The Silent One is a 1984 New Zealand children's film that was filmed in the Cook Islands. It was directed by Yvonne Mackay and was based on a novel by Joy Cowley. It starred Telo Malase, a Samoan student from Auckland in a story about a boy and a turtle. The turtle featured in the film, Big Mama, died soon after filming was finished.

==Cast==
- Telo Malase as Jonasi
- Pat Evison as Luisa
- George Henare as Paui Te Po
- Anzac Wallace as Tasiri
- Rongo Tupatea Kahukuranui as Taruga
- Reg Ruka as Bulai

==Reception==
Helen Martin in New Zealand film, 1912-1996 said "Although the plot is overloaded with incident, and at times the choreography of the crowd scenes is overly theatrical and some performances are overplayed, the boy and the turtle are a winning buddy pair."

In LA Weekly Les Paul Robley said "Picturesque scenery can't overcome the weakness of the tale, the slow pace and Mackay's meager visual sense. The acting and direction are at times so incompetent that eventually the only things worth watching are the lush island photography by Ian Paul (which succumbs to its own self-conscious beauty) and pretty underwater material by Ron and Valerie Taylor."

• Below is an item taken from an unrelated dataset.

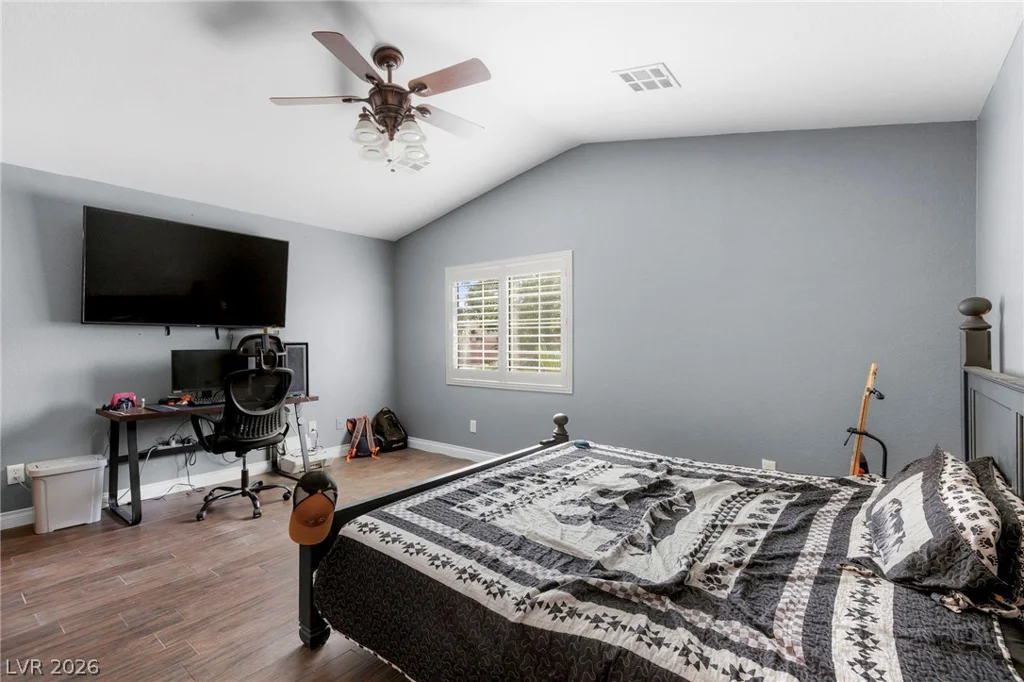 6612 Ringbill, North Las Vegas, NV 89084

Rick Brough of The Park Record gave it 4 stars and said ""The Silent One" is a pleasant movie to drink in. It's a Disneyesque fable from New Zealand distinguished by its sincerity and the novelty of its South Sea setting." The Ages Neil Jillett says "'The Silent One's' virtue outweigh its faults. Jonasi's silence never commits the film to dreary bouts of mime, and the relationship between boy and turtle is beautifully realised."